# Integration of factorials

1. Sep 22, 2014

### Nick Jackson

Hello,

well here's my problem: I got this integral and I don't know how to calculate it (I am trying to find if there exists a k that satisfies this relation) :

$$\int_0^k \frac{1}{ ( 4k-4r-2 ) ! ( 4r+1 ) ! }\, \left ( \frac{y}{x} \right )^{4r} dk = \int_0^k \frac{1}{ ( 4k-4r ) ! ( 4r+3 ) ! }\, \left ( \frac{y}{x} \right )^{4r} dk$$

The problem is mainly in the factorial part (they are results of binomial coefficients as you may see)
Any help?

P.S. There probably doesn't exist such a k.

2. Sep 22, 2014

### HallsofIvy

Staff Emeritus
What you have written here is non-sense. For 2 reasons!
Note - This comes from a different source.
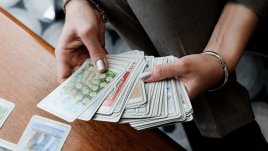 Таро карта за 16 юли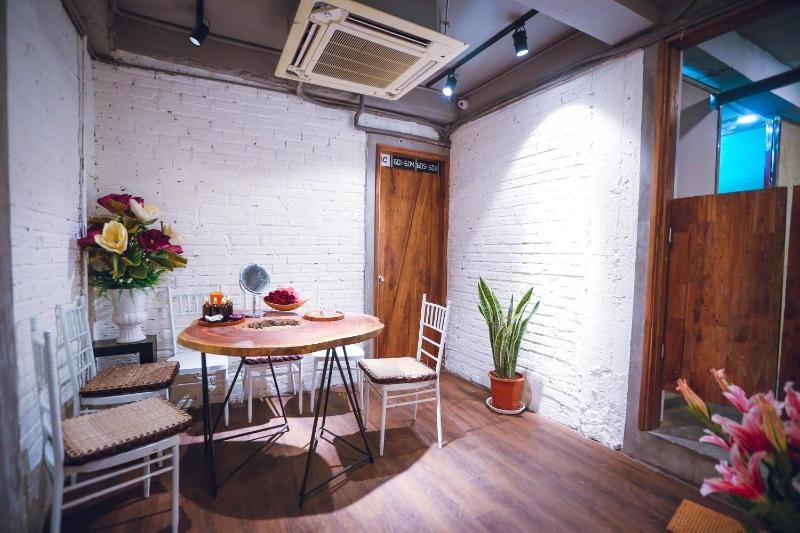 Soft Pillow Hostel - Adults Only image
First is that you cannot have the dummy variable of integration also be a limit of integration. But that is a minor detail- since it is a dummy variable, replace it with some other variable:
$$\frac{\left(\frac{y}{x}\right)^{4r}}{(4r+1)!} \int_0^k\frac{1}{(4p- 4r- 2)!}dp$$$$= \frac{\left(\frac{y}{x}\right)^{4r}}{(4r+ 3)!}\int_0^k\frac{1}{(4p- 4r)!}dp$$

But there is a much more important problem. Whether you call it "k" or "p", the "variable of integration" must be continuous while the factorial is only defined for non-negative integers.

3. Sep 22, 2014

### dextercioby

You could generalize by putting factorial into an Euler Gamma Function, but that would still make no sense.

4. Sep 23, 2014

### Nick Jackson

Sorry I meant to put r in the variable not k. However I see your point about the continuity... I started with having sums in the lhs and the rhs. What do I do now?